[Date Prev][Date Next][Thread Prev][Thread Next]
[Date Index]
[Thread Index]
- Subject: Re: LuaJIT performance query
- From: Mike Pall <mikelu-0806@...>
- Date: Sun, 15 Jun 2008 16:38:40 +0200
David Given wrote:
> Is it still necessary to cache globals in local variables for decent
> performance, or can I expect the JIT to optimise this for me?
>
> For example:
>
> i = 0
> while (i < 10000) do i = i + 1 end
>
> vs.
>
> local i = 0
> while (i < 10000) do i = i + 1 end
I wouldn't call this a typical example of caching. Using local
variables for loop counters is just common sense. :-)
But the basic idea is of course the same as in this more typical
example:
local s = 0; for i=1,1000 do s = s + math.sin(i) end
-->
local sin = math.sin; local s = 0; for i=1,1000 do s = s + sin(i) end
LuaJIT 1.x makes a very literal translation of the bytecode to
machine code. So you still need to cache table lookups for optimal
performance of inner loops.
LuaJIT 2.x (no, it's not ready for release) knows how to hoist
table lookups of all kinds out of loops. So the above examples
with math.sin have the same performance.
And to show the general case, the following four loops have
identical performance, too:
local x=1; for i=1,n do x=x+i end -- local
x=1; for i=1,n do x=x+i end -- global (hash lookup)
local t={1}; for i=1,n do t[1]=t[1]+i end -- array lookup
local t={x=1}; for i=1,n do t.x=t.x+i end -- member field (hash lookup)
Of course this just another silly example where a local would be
the most logical choice. But these cases can arise in practice in
OO-centric programs (self.count = self.count + 1) and as a
side-effect of heavy inlining.
Vyacheslav Egorov wrote:
> I do not think that LuaJIT violates Lua semantics. It is not possible
> to determine live range of the given global in the presence of
> functional environments, metatables, dynamic code loading.
It's possible if the complex bytecode instructions are broken up
into smaller operations. The combination of store-to-load
forwarding (in linear control flow and across loop iterations) and
store sinking can remove almost all redundant aggregate access.

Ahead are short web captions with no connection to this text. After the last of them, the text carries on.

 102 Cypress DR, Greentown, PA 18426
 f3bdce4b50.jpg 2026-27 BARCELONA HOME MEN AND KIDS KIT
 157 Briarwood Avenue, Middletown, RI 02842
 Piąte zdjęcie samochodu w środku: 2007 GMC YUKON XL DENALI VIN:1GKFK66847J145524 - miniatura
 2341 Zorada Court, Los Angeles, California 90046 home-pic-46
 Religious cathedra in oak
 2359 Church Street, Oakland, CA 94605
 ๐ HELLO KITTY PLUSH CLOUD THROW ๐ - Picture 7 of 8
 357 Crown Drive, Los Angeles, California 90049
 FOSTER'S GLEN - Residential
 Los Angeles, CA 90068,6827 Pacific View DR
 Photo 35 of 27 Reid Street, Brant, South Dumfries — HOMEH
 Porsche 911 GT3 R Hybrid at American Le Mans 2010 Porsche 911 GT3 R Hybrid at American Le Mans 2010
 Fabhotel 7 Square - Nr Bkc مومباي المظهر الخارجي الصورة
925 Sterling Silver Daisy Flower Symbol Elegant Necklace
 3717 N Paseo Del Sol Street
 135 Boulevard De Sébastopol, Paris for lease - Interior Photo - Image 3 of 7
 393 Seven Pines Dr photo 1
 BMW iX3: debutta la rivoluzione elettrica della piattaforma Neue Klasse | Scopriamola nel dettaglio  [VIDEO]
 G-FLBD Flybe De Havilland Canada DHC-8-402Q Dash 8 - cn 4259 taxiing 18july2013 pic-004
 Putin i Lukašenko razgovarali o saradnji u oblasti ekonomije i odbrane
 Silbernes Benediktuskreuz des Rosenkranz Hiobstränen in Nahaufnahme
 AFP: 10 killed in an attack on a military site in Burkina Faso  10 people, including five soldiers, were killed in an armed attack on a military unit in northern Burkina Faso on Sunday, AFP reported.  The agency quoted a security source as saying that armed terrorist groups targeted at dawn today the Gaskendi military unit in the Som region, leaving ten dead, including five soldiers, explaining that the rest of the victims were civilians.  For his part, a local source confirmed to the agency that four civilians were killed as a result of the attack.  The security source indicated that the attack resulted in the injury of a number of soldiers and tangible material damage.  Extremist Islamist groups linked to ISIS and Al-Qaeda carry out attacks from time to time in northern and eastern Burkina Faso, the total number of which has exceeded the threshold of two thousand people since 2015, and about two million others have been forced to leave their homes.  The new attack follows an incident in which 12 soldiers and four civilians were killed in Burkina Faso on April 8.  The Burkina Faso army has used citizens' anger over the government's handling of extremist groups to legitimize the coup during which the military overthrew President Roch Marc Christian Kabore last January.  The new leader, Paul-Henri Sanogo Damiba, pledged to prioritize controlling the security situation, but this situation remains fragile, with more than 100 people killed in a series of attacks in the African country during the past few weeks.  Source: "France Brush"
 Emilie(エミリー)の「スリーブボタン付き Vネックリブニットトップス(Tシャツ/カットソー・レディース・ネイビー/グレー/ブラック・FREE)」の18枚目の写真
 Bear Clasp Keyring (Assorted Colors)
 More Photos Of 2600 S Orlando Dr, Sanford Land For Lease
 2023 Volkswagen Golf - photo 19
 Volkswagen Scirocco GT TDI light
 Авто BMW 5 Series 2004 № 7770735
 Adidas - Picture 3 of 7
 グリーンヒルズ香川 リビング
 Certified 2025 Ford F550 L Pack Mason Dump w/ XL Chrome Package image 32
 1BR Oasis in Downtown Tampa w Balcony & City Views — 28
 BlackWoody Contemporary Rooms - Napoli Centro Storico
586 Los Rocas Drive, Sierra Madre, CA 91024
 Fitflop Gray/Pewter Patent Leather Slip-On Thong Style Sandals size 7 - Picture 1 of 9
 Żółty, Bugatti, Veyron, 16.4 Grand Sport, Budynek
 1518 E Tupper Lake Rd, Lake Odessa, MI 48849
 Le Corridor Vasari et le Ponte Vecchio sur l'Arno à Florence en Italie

This is the same effect that traditional static compilers can
achieve with scalar replacement of aggregates. And since alias
analysis is much easier in Lua (no pointers) even a simplistic
disambiguation algorithm can be far more effective.
Metatables and other dynamisms pose no problem either. A direct or
indirect metatable access is just a special load or store to the
underlying object. If the alias analysis doesn't find a conflicting
store inside the loop (setmetatable to the same object), it can
safely hoist all metatable loads out of the loop. Even if it finds
a store, it can often just forward it to the load and sink the
store. Ditto for function environments.
Dynamic code loading can introduce new closures, but the identity
of all closures is checked anyway. If a check later fails, the
trace will be extended with a side branch to handle the new
closures.
E.g. here's the SSA IR generated by LuaJIT 2.x for the uncached
math.sin loop:
0004 I Knum KNUM 1
0005 I Knum KNUM 1000
0006 >P num SLOAD #2 i
0007 I Kstr KSTR "math"
0008 I Kfun KFUNC 0x8072c88
0009 >I fun SLOAD #0 (current closure)
0010 >I fun EQ 0009 0008
0011 I tab FLOAD 0008 cl_env getfenv()
0012 >I Kstr HREF 0011 0007
0013 >I tab HLOAD 0012 math
0014 I Kstr KSTR "sin"
0015 >I Kstr HREF 0013 0014
0016 >I fun HLOAD 0015 math.sin
0017 I Kfun KFUNC 0x80714a0
0018 >I fun EQ 0016 0017 check for math.sin closure identity
0019 num SIN 0006
0020 >P num SLOAD #1 s
0021 num ADD 0019 0020
0022 num ADD 0006 0004
0023 > num LE 0022 0005
0024 num PHI 0006 0022 i
0025 num PHI 0020 0021 s
1st column: IR instruction number (implicit SSA ref)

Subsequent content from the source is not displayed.